▶ _What needs to be done_
Give the whole listing below once more, exactly, without pictures.
Input data section start
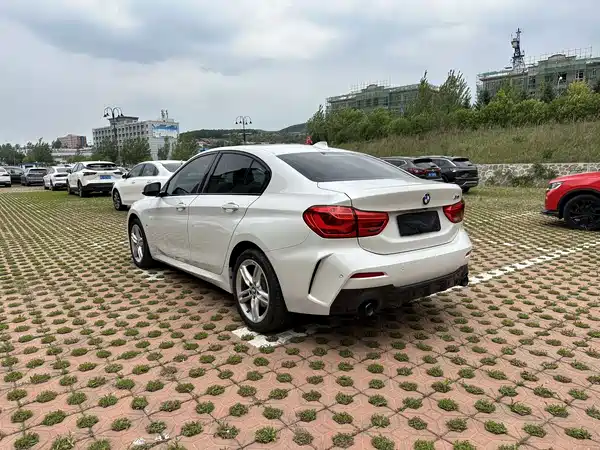 BMW 1 Series 2022, фото 6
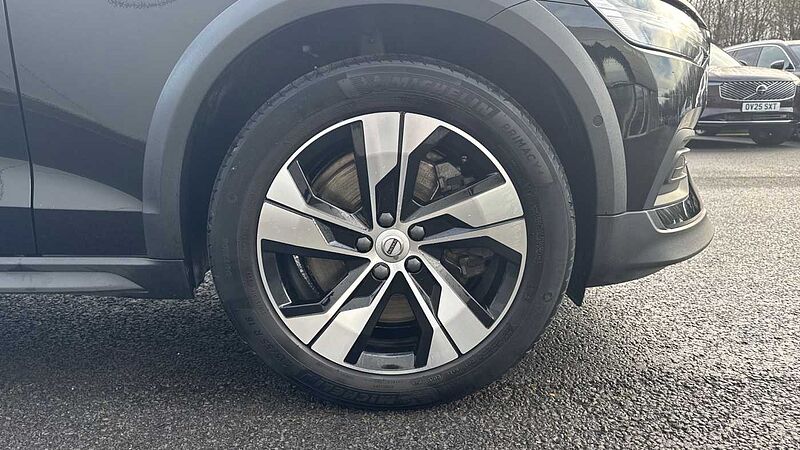 Volvo V60 Cross Country Country, B5 AWD mild hybrid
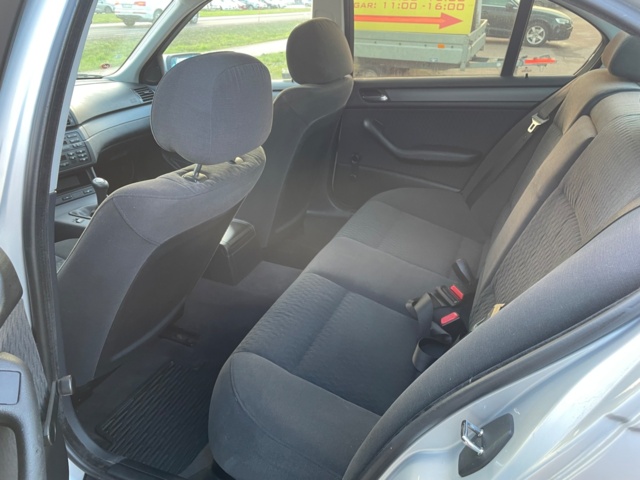 970087-40 BMW 316i - 2000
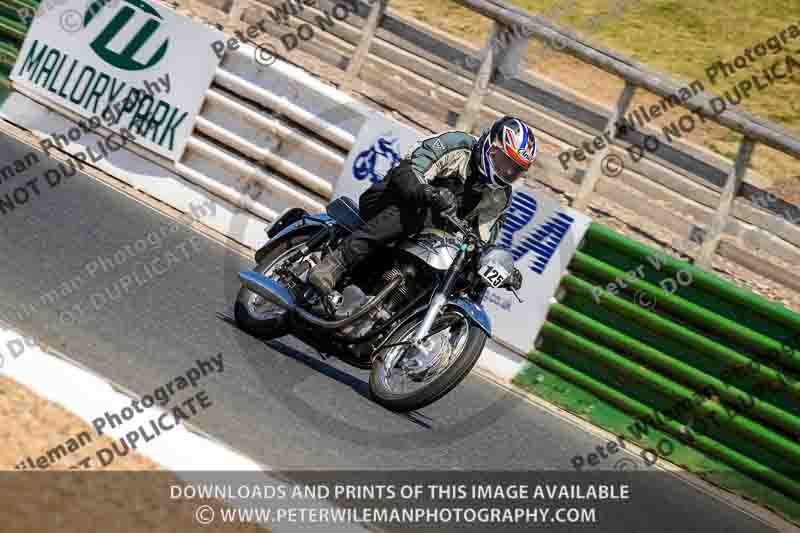 Vintage motorcycle club;eventdigitalimages;mallory park;mallory park trackday photographs;no limits trackdays;peter wileman photography;trackday digital images;trackday photos;vmcc festival 1000 bikes photographs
Input data section end
▶ _Answer for this exercise_
 BMW 1 Series 2022, фото 6
 Volvo V60 Cross Country Country, B5 AWD mild hybrid
 970087-40 BMW 316i - 2000
 Vintage motorcycle club;eventdigitalimages;mallory park;mallory park trackday photographs;no limits trackdays;peter wileman photography;trackday digital images;trackday photos;vmcc festival 1000 bikes photographs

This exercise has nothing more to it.